Private hospitals' diagnostics & drugs margins as high as 1,737%

New Delhi: If you think that private hospitals make huge money from patients by prescribing costly medicines and diagnosis, you are absolutely right. The shocking revelation has come to the notice of National Pharmaceutical Pricing Authority (NPPA) after analysis of bills from four major private hospitals in Delhi and NCR by the apex drug price controller.
According to a NPPA report, private hospitals are making profits of up to 1,737 per cent on drugs, consumables and diagnostics and that these three accounts for about 46 per cent of a patient's bill.
The analysis report, which was released on Tuesday, clearly pointed out that hospitals are making major profits through inflated maximum retail prices (MRP), while drugs and devices' manufacturers are getting their actual cost only.
Sources in the NPPA said that stern action would be taken against all such private hospitals. "It's a gross violation of the drug price control order, so the action would be initiated soon," the sources said, adding that the NPPA is also mulling to analyse the bills of IVF clinics as NPPA has received several complaints about IVF centres making a huge profit through 'unethical' practices.
"The total cost on scheduled medicines used in the treatment is only 4.10 per cent as compared to 25.67 per cent on non-scheduled formulations, which is clear that for claiming higher margins, doctors-hospitals preferred prescribing and dispensing non-scheduled branded medicines instead of scheduled medicines," the NPPA report said.
The report further highlighted that in most of the cases of scheduled and non-scheduled drugs under the formal monitoring of NPPA, the hospital purchase prices are invariably often lower than the 'prices to stockists' (PTS) offered by the manufacturers in the retail chain. The NPPA, in its analysis, reported that three-way stopcock manufactured by Romsons was sold to patients at Rs 106 against the purchase price of Rs 5.77, which is 1,737 per cent more than the actual cost, while hospitals sold Adrenor 2 ml injection at Rs 189.9 after procuring it at Rs 14.70, which is 1,293 per cent more than the purchase price.

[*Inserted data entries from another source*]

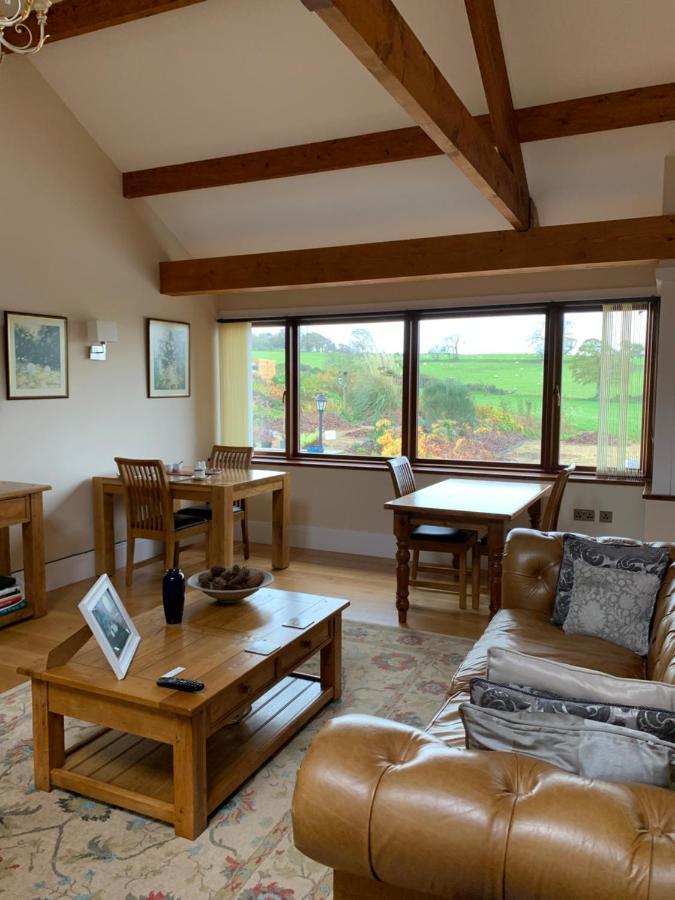 Neuadd Villa Llanwnen Extérieur photo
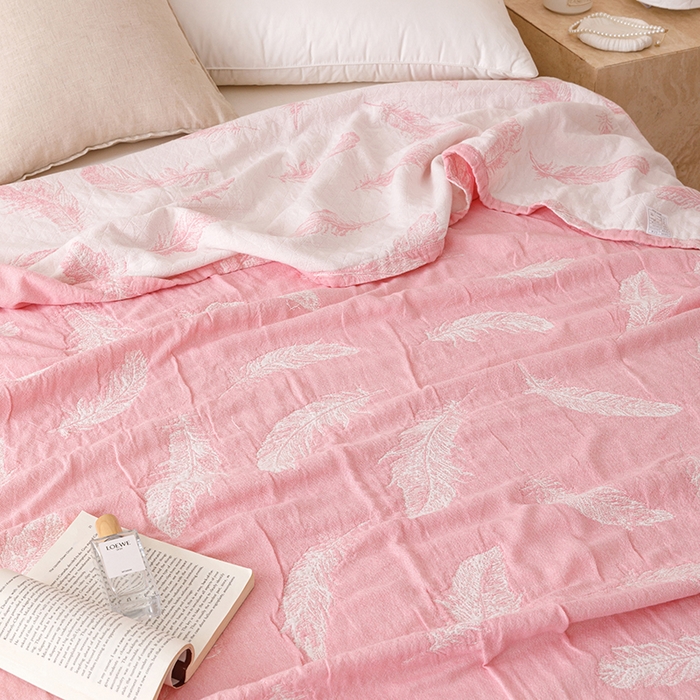 91家纺网 家纺一手货源 找家纺  2026新款全棉纯棉水洗柔绉三层纱布毛巾被 夏梦-粉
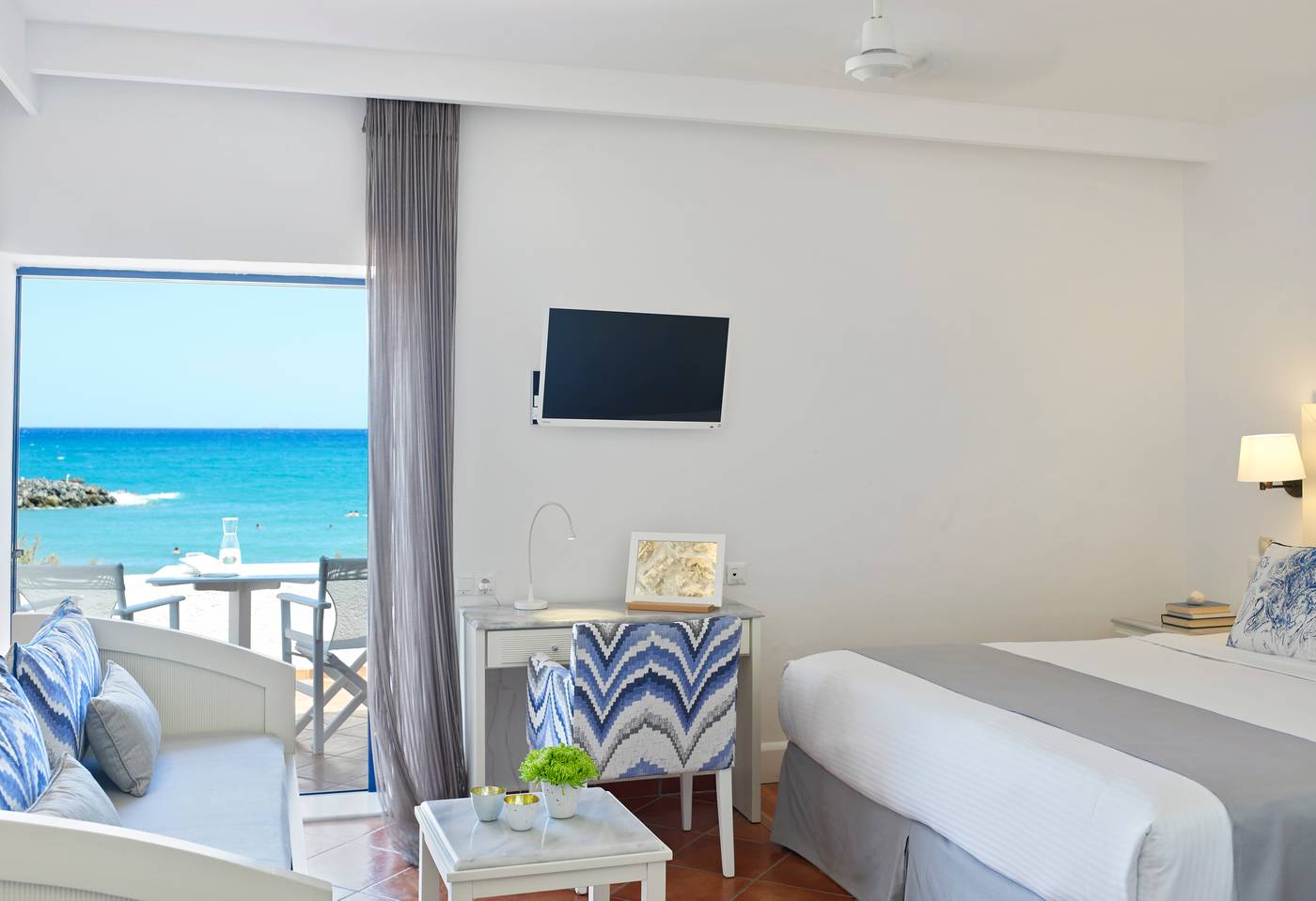 Knossos-Beach-Bungalows-Suites-Resort---Spa-Room-28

The NPPA also noted that most drugs, devices and disposables were used and sold by the hospitals from their in-house pharmacies and patients didn't have the choice of buying them from outside where prices could be lower.
"Institutional bulk purchase by private hospitals, in most cases by their own pharmacy, makes it easier for them to indulge in 'profiteering on drugs and devices even without the need to violate the MRPs' since these are already inflated," the NPPA said in its report.
The NPPA in its report has stated that hospitals were effectively pushing the industry to print higher MRPs to get bulk supply orders from them. "This is a clear case of market distortion where manufacturers after accounting for their profits print inflated MRPs to meet the demands of a distorted trade channel without getting any benefits from this 'artificial inflation' and patients have to incur huge out-of-pocket expenditure in hospitalization cases," stated the NPPA.
The profit margins for the hospitals were highest on consumables, ranging from almost 350 per cent to over 1,700 per cent, while margins on drugs that are not under price control, the margins ranged from about 160 per cent to 1200 per cent and profit margins on drugs under price control were between 115 per cent and 360 per cent. Under the national list of essential medicines, 2015, NPPA has capped the prices of 871 essential drugs along with approval of retail prices of 642 dugs as 'new drugs' during the same period due to statutory provisions.